Phew, what a weekend. Sorry bout that, but finally got around to it.

I see an unusual stream of activity coming from the AVG IDS agent near the end of the logfile. In fact, that's the only activity that is taking place during that time. It's just a massive wave where the AVG IDS agent butts into everything else and does its own thing for a while before letting other processes run.

It's pretty much a personal recommendation that you don't use AVG and work with something less intrusive (ha, punny) such as MSE. If you want a full feature set in a free package, Avast is preferable. This is just not the first time I've seen AVG becoming a resource hog unwillingly. In fact, quite frequently it does so, and it ends up bringing people here to TSF wondering what the deal is.

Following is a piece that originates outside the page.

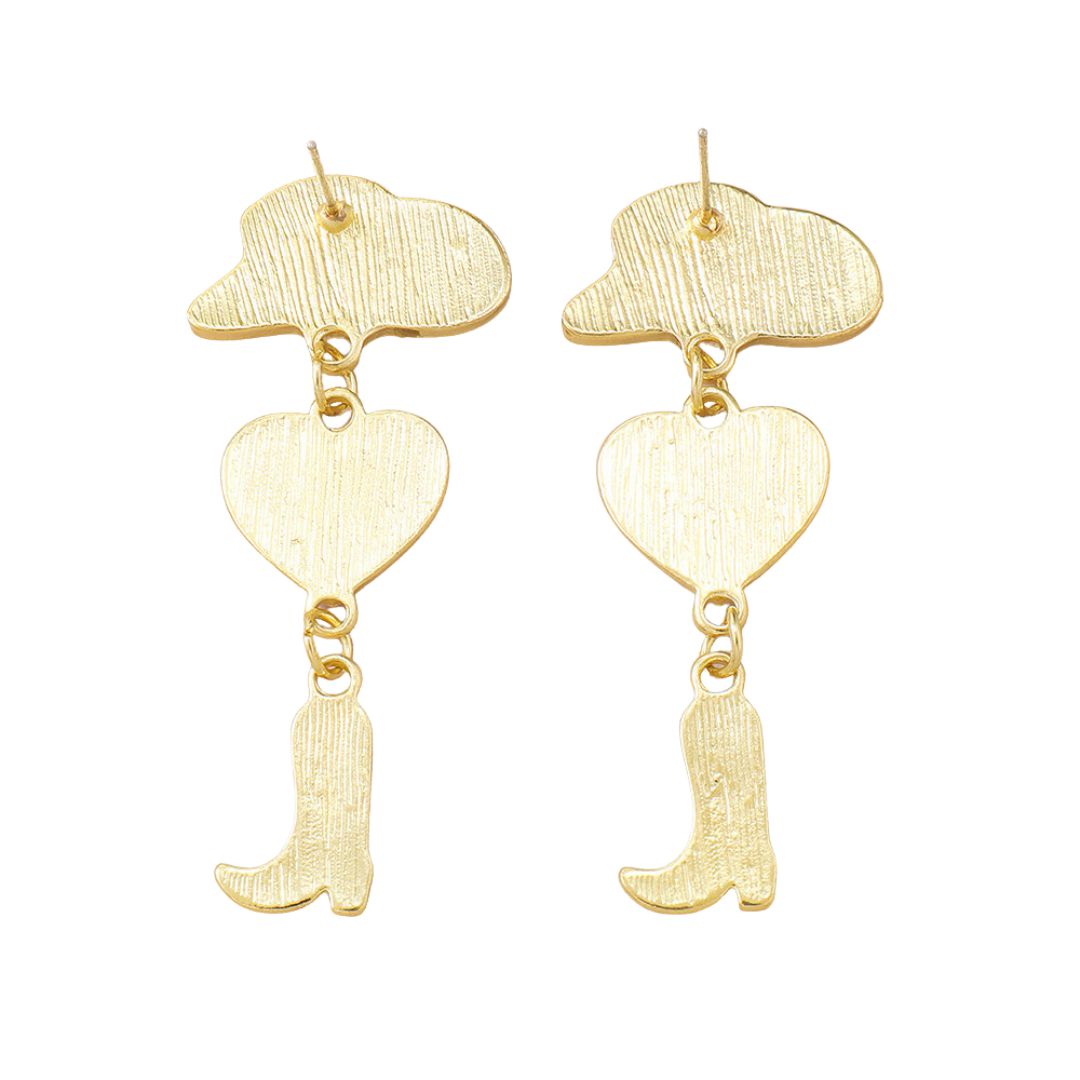 Glamour Cowgirl Boot and Hat Dangle Earrings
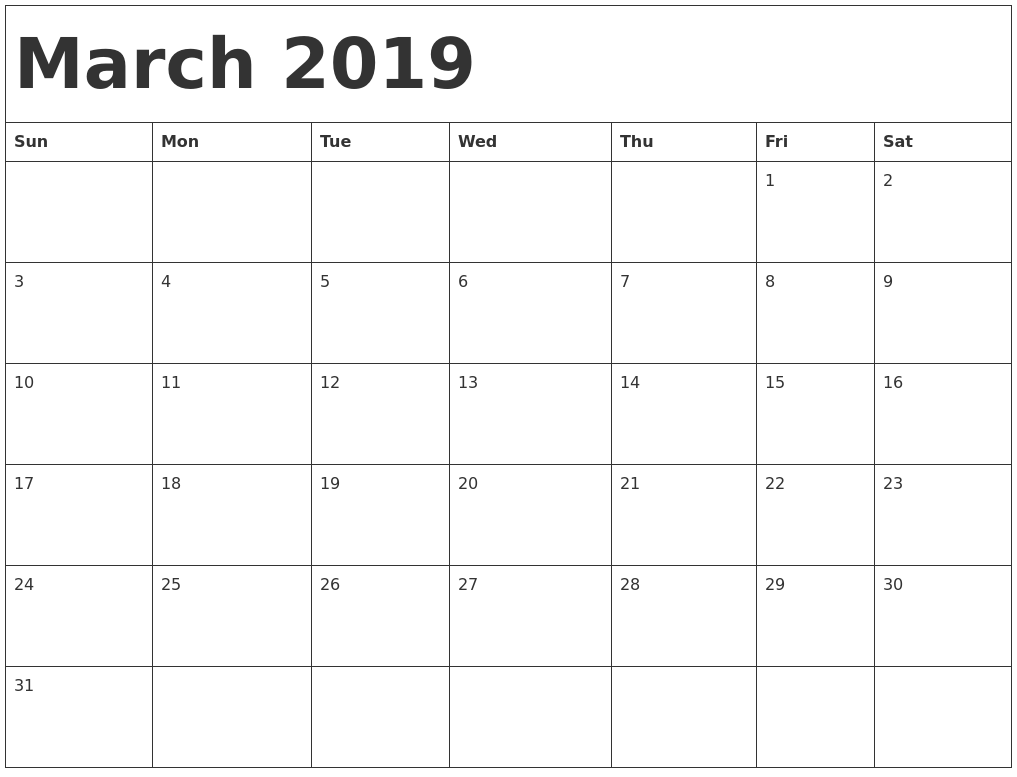 Blank Calendar March 2019 Printable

If you purchased AVG, and you are still determined to keep it, there's a couple other things I've noticed and possible solutions to this:

- I noticed that AVG is constantly referring to Wow64 dlls, which means it's a 32 bit program. Is there no 64-bit version available? If there is, you may wanna switch over to it.

- A full uninstall (all parts, including that detestable AVG toolbar) and a reinstall is recommended. Make sure to restart the PC *twice* after the uninstall and before the reinstall. Often times at restart from uninstall it will finish cleanup work, so another restart after that should ensure everything's in the clear. Of course, make sure to restart after installation. 

- As hinted too before, you have AVG toolbar installed. Toolbars are a nono, and are often very poorly coded and are resource-hungry and just downright superfluous. Take careful attention if you reinstall AVG, and make sure not to select anything like the toolbar for your next reinstall.


That's all I can give at the moment. Again, apologize for the continued delays. I hope this will be of assistance despite the fact. Happy Easter, mate.


----------